Escrito en un poema está tu nombre. Ton nom est écrit dans un poème
Colgada en la pared tu cara buena. accrochée au mur ton beau visage
Tus cartas escondidas en un cofre, tes lettres cachées dans un coffret
y en un libro de Verlaine, tus azucenas… et dans un livre de Verlaine tes fleurs de lys
Le Mythe de Gardel
Charles Romuald Gardes, né en 1890 à Toulouse, selon un acte de naissance est arrivé à Buenos Aires avec sa mère Mme. Berthe Gardes, repasseuse de profession. Connue la rivalité entre argentins et uruguayens, ces derniers, récemment l’ont nationalisé uruguayen, né à Tacuarembó, selon certains papiers militaires.
L’ambiguïté et la légende ont toujours accompagné le personnage. Ce qui est hors de doute, c’est qu’il a séjourné pendant son enfance et sa première jeunesse aux alentours du Mercado del Abasto. L’a on le nommait el Morocho del Abasto, expression affective, à peu près comme mignon. Mais il a demeuré aussi à Montevideo.
Chanteur à la voix exceptionnelle, aux registres lyrics, du débout il a été attiré d’abord par les chansons du folklore de la Pampa, après par le tango.
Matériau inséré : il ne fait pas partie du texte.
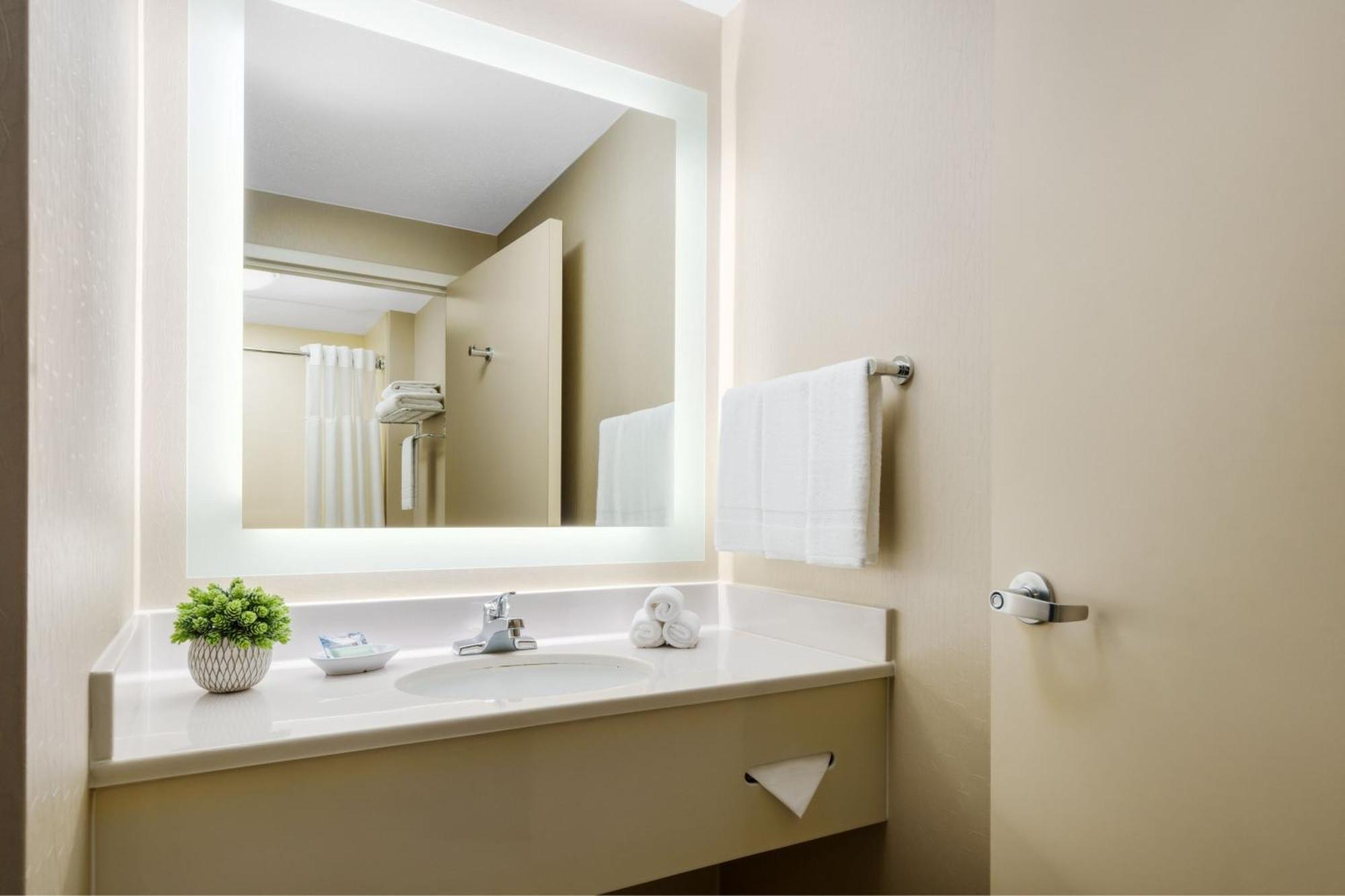 Springhill Suites Manchester-Boston Regional Airport Екстер'єр фото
Faut dire qu’auparavant, avant l’enregistrement des chansons, les chanteurs chantaient sur des mélodies, des paroles selon leur inspiration. Sauf dans les opéras ou tout était absolument réglé.
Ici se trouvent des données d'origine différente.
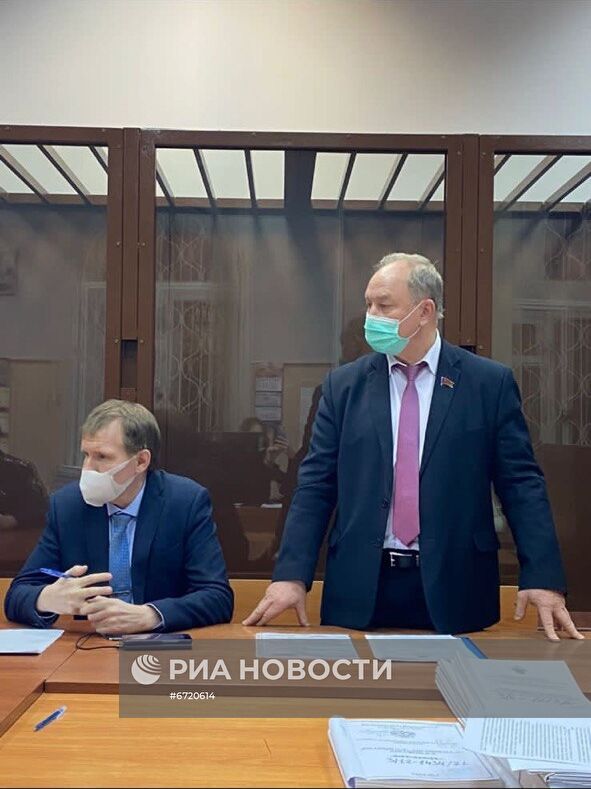 Избрание меры пресечения депутату В. Рашкину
Et la révolution se produit. Samuel Castriota, était un compositeur de tango. Il écrit un tango instrumental nommé Lita. Pascual Contursi, devenu parolier, a l’idée d’ajouter des paroles au tango Mi Noche Triste. Carlos Gardel, le mage, envisage l’avenir et décide non seulement le chanter, mais l’enregistrer. C’est la première chanson enregistrée du monde. Cela aujourd´hui paraît une évidence mais c’était une nouveauté : une musique et des paroles, toujours les mêmes, unies par un titre.
Tous ceux qui ont écrit sur lui, soit parce qu’ils l’ont connu, soit parce que ceux qui l’ont connu leurs ont appris, avouent qu’il était généreux, noble, ayant un grand sens de la philanthropie. Il ne se vantait jamais d’aider les autres. Tout qu’il avait réussi dans la vie ; jamais il n’oubliait ses humbles origines. Outre que sa voix superbe et sa façon d’interpréter le tango, il était aimé de tous. Outre que le meilleur chanteur du tango, il était le tango même. Cela il l’avait envisagé déjà quand il avouait que les applaudissements n’étaient pas pour lui, mais pour l’art populaire de son peuple que par un pur hasard joyeux, il avait eu la chance de représenter.
À l’époque où personne ne voyageait, il a voyagé partout. Les pays de l’Amérique du sud, les États-Unis, L’Europe… Il s’est produit sur la scène de Paris, sur les cabarets de la Côte d’Azur, Barcelone, etc. À l’époque où personne n’enregistrait, il a enregistré plus de 1000 chansons en vingt ans, dont la plupart tangos, mais aussi des vals, milongas, chansons de la Pampa, Fox trot, même jota.
Il apportait la voix mais aussi quelques paroles et quelques musiques. Il y a quelques partitions signées Gardel, mais il ne savait pas écrire musique. Il tambourinait des doigts, fredonnait les rythmes et quelqu’un écrivait.
Le tango comme l’on a dit est mélancolie, tristesse, cafard… Il exprimait magistralement ces sentiments, mais selon l’avis de celui qui vous parle, il y avait dans sa voix, toujours un peu caché, une certaine allégresse, une espérance. Gardel comme disent les porteños, chante chaque jour mieux.
Il est mort dans un accident d’aviation à Medellín en Colombie. Il n’avait que 45 ans.